Wasserstein Distance From Scratch Using Python

The Wasserstein distance (also known as Earth Mover Distance, EMD) is a measure of the distance between two frequency or probability distributions. Wasserstein distance is often used to measure the difference between two images. And Wasserstein distance is also often used in Generative Adversarial Networks (GANs) to compute error/loss for training.

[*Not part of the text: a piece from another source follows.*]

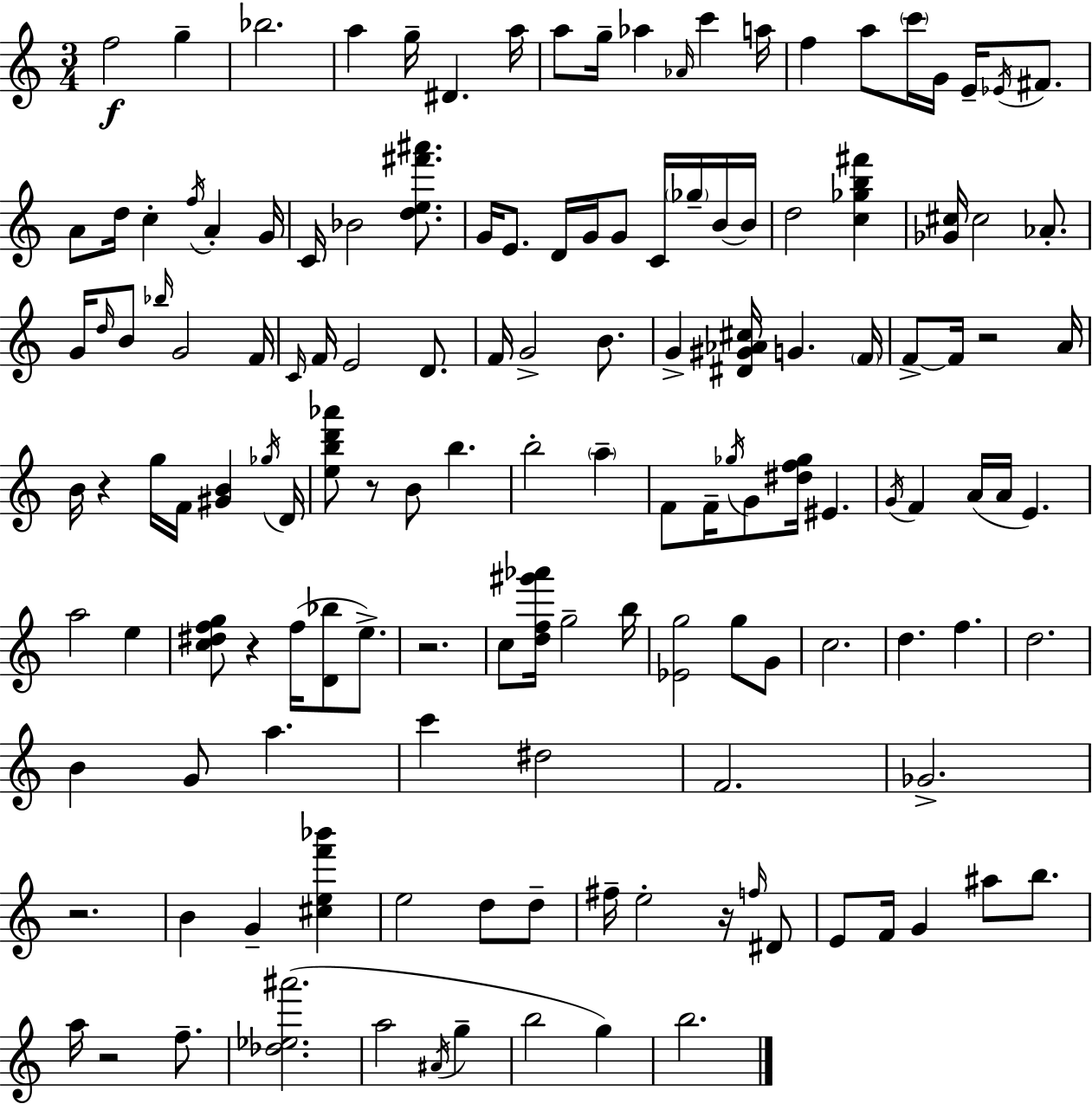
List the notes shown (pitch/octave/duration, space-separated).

F5/h G5/q Bb5/h. A5/q G5/s D#4/q. A5/s A5/e G5/s Ab5/q Ab4/s C6/q A5/s F5/q A5/e C6/s G4/s E4/s Eb4/s F#4/e. A4/e D5/s C5/q F5/s A4/q G4/s C4/s Bb4/h [D5,E5,F#6,A#6]/e. G4/s E4/e. D4/s G4/s G4/e C4/s Gb5/s B4/s B4/s D5/h [C5,Gb5,B5,F#6]/q [Gb4,C#5]/s C#5/h Ab4/e. G4/s D5/s B4/e Bb5/s G4/h F4/s C4/s F4/s E4/h D4/e. F4/s G4/h B4/e. G4/q [D#4,G#4,Ab4,C#5]/s G4/q. F4/s F4/e F4/s R/h A4/s B4/s R/q G5/s F4/s [G#4,B4]/q Gb5/s D4/s [E5,B5,D6,Ab6]/e R/e B4/e B5/q. B5/h A5/q F4/e F4/s Gb5/s G4/e [D#5,F5,Gb5]/s EIS4/q. G4/s F4/q A4/s A4/s E4/q. A5/h E5/q [C5,D#5,F5,G5]/e R/q F5/s [D4,Bb5]/e E5/e. R/h. C5/e [D5,F5,G#6,Ab6]/s G5/h B5/s [Eb4,G5]/h G5/e G4/e C5/h. D5/q. F5/q. D5/h. B4/q G4/e A5/q. C6/q D#5/h F4/h. Gb4/h. R/h. B4/q G4/q [C#5,E5,F6,Bb6]/q E5/h D5/e D5/e F#5/s E5/h R/s F5/s D#4/e E4/e F4/s G4/q A#5/e B5/e. A5/s R/h F5/e. [Db5,Eb5,A#6]/h. A5/h A#4/s G5/q B5/h G5/q B5/h.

There are several different versions of Wasserstein distance. There are versions that work with discete data and versions for mathematically continuous data. There are versions for 1-D data (each point is a single value) and versions for n-dimensional data (each point has n values). And there are “p versions” which are denoted by 1-Wasserstein (aka W1 for p = 1), 2-Wasserstein (aka W2 for p = 2), and so on. Unless otherwise stated the default is p = 1 (1-Wasserstein, W1) which means you look at the absolute value of differences. If p = 2 you compute the square root of squared differences. If p = 3 you compute the cube root of distances cubed, and so on.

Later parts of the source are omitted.